Wed	10:00	Topic	J. Hrivnac: Graphics
References	Slides: HTML, PS, Applix Presents
Summary	More details in graphics meeting on Thursday afternoon Abstract scenes: categorised into EventDisplay, Histogram, and Misc, partly coupled to application directly, partly by intermediate storage Domain specific graphics, graphics control (SceneList, ObjectBrowser) Event displays: Atlantis: installed, new menu, XML files, port to NT will be difficult. Wired: will be installed soon. AVRML: done. AtlVis (application of HepVis and OpenInventor): not started. Aravis: new design under review, new code being prepared Histograms: AHisto/LHC++: works, more progress depending on LHC++. Root: Proof of existence, but requires design compromises on our side. HippoDraw, JAS: will be looked at Miscellaneous: XML: basic implementation exists, being improved, library being written. AsciiText: done. JavaScene: prepared, but not currently maintained Data: ID: done, need improvement; no clusters, tracks etc. yet. Simulation: done, need improvement; Muon: will be done; LAr: no manpower. Reconstruction: objects not yet defined, will be done. MagneticField: to be done. Trigger simulation: being worked on Control: SceneList: done and available.
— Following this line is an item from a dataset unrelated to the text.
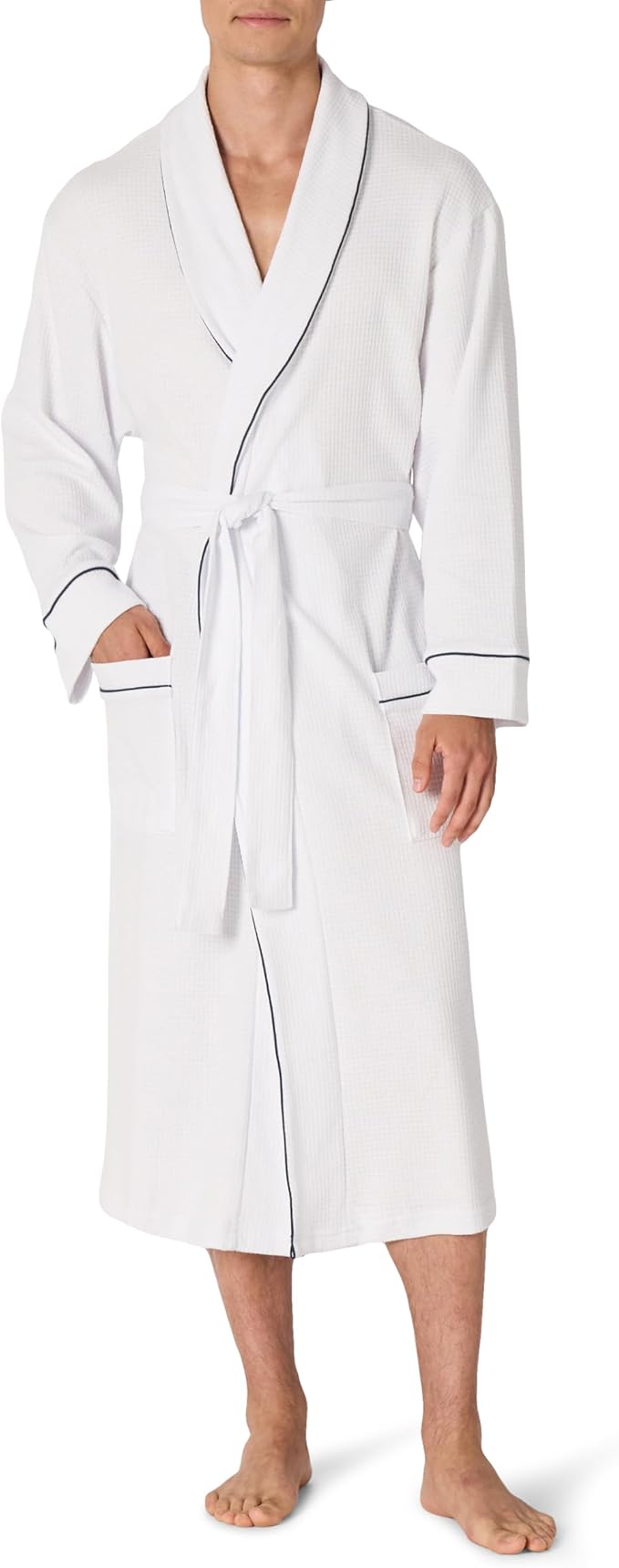 Amazon Essentials Men's Lightweight Waffle Bathrobe (Available in Big & Tall)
ObjectBrowser awaiting availability of manpower Technical support: Implementation guidelines document, CreatePlottableModel script, DependencyGrapher Applications: Atlantis, Wired waiting for useful data including well defined objects of reconstructed entities. GraphicsFromEvent (use any event on any Zebra tape) available Should there be an abstract 3D scene? Should there be an abstract histogram? Rather go for self-similar structure. Design under work, to be reviewed (or walked through) soon Reverse operation, (G)UI: new ideas, need more discussion Concept of level of detail for AbstractScenes introduced as well as UnavailableScenes; available for AVRML, AHisto (at compile time now, later at run time) Not happy with some names (AbstractScene, Plottable, PlottableModel, PlottableRep)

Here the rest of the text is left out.